Radical Reform of the Civil Service edited by Stephen E. Condrey and Robert Maranto
Lexington Books, Lanham, MD, 2001

The Future of Merit: Twenty Years after the Civil Service Reform Act edited by James P. Pfiffner and Douglas A. Brook
Woodrow Wilson Center Press, Washington, DC, 2000

Reforming the Civil Service for Government Performance: A Partnership Perspective by A.T. Rafiqur Rahman
University Press Limited, Dhaka, Bangladesh, 2001

  Reviewed by: David Schultz,
Hamline University
 
  Reviewed in: Public Administration Review  
  Date accepted online: 09/01/2003 Published in print: Volume 62, Issue 5, Pages 634-637  

Civil Service Reform

 

Two factors dominate the history of professional civil service personnel administration: First, the pursuit of merit; second, the desire for reform. Dating from the passage of the United States Pendleton Act in 1883, through the writings of Max Weber, Woodrow Wilson, and Progressive-era reformers such as Frank Goodnow, and even through the Minnowbrook conference, the Reagan Administration, and the years of National Performance Review, the desire to create an apolitical, competent, and efficient public administration has been premised upon the identification of the most qualified persons, hired based upon some test for fitness and granted tenure for life. Even though various forces have come to challenge exactly how merit is ascertained (use of standardized tests or other hiring procedures, or balanced with other competing values such as diversity and representativeness), few have really questioned the merit principle as a defining value of the civil service.
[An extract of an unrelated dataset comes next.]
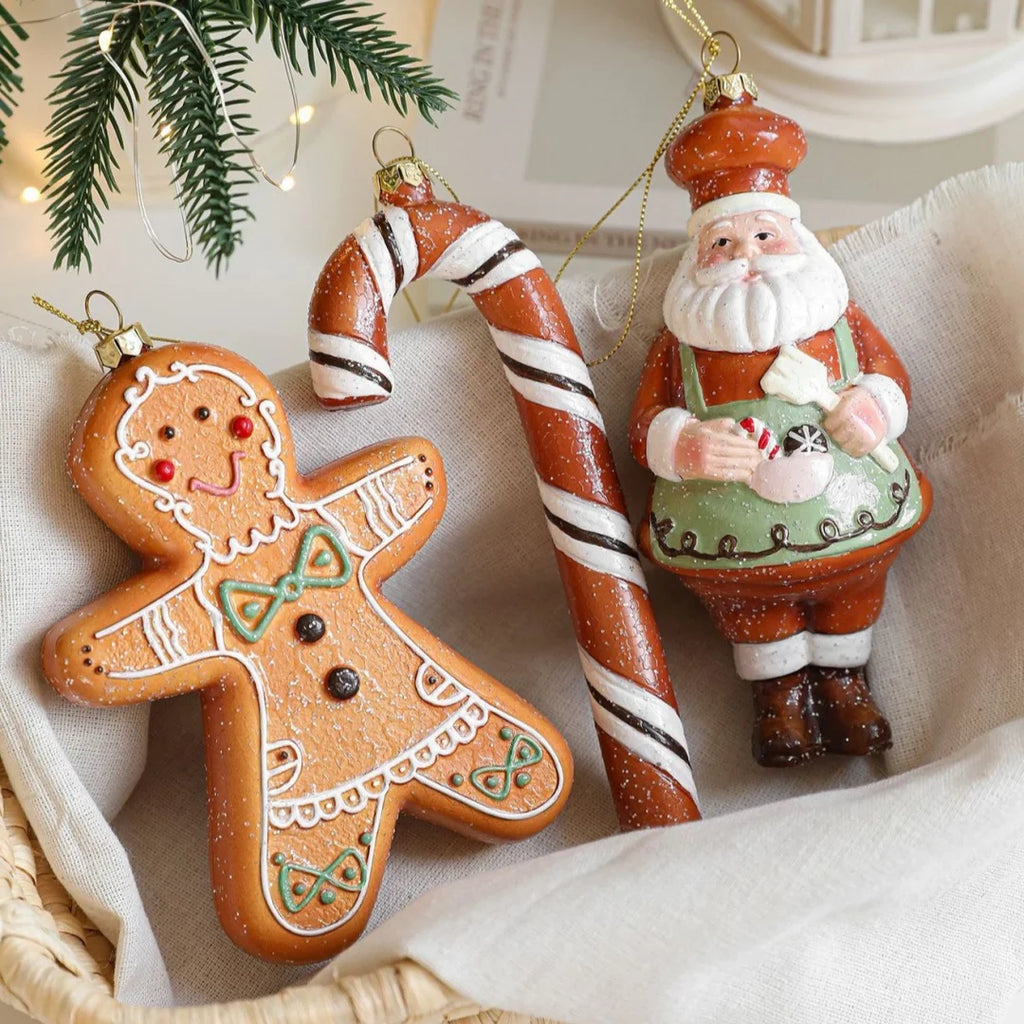 Gingerbread Man Christmas Tree Hanging Ornament Plastic Cute Holiday Pendant For Kids And Adults Home Table Mantel Party Decor Oasis Select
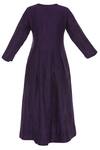 Shop_Aalyxir_Purple Linen Embroidered Beads Notched Round Midi Dress With Dragonfly Motif_Online_at_Aza_Fashions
Yet, discomfort with the performance of the civil service has also generated repeated demands for reform. Often the call has been to make the civil service more efficient or productive, but demands have also been articulated for increased responsiveness of tenured civil servants to political leaders, for improved accountability, ethics, or organizational and individual performance. To secure these objectives, the scope of suggested reforms has varied from minor tinkering with pay, through administrative reorganization, privatization, and the introduction of market incentives, to a wholesale abandonment of merit and tenure systems. While demand for reform seems to take on a quadrennial flavor in the United States—with each new president offering new reforms and critiques of the federal bureaucracy—similar demands to improve the civil service are also popular and voiced around the world.

The Civil Service Reform Act of 1978 (CSRA 78) was the centerpiece of President Jimmy Carter’s efforts to revamp the American civil service. It called for major shakeups in staffing and organizing the federal service, a new compensation system, and a new level of careerists known as the Senior Executive Service (SES). Both sought to improve merit. Other nations around the world have also undertaken efforts in the last quarter century to reform some aspect of the civil service. What these reforms have accomplished and produced is the subject of three recent books.

The edited volume by Pfiffner and Brook is a collection of essays commemorating the twentieth anniversary of the CSRA 78. The book brings together a reappraisal of this reform, as well as speculation on the future of merit and government in a multicultural and global world. Rahman’s work is a United Nations sponsored project, providing a more global view on civil service reform that searches for commonalities among strategies and lessons to be learned. Condrey and Maranto call for abandonment of the merit system and a return to spoils as the organizing principle guiding the civil service. Taken together, these books offer complementary and occasionally contrasting assessments of the state of civil service reform and merit.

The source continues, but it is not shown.